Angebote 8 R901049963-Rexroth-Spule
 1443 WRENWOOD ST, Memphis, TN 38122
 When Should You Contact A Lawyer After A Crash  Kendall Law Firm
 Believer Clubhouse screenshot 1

========

The full listing above should be retyped without any alteration.

**RESPONSE TO THIS EXERCISE**
Angebote 8 R901049963-Rexroth-Spule
 1443 WRENWOOD ST, Memphis, TN 38122
 When Should You Contact A Lawyer After A Crash  Kendall Law Firm
 Believer Clubhouse screenshot 1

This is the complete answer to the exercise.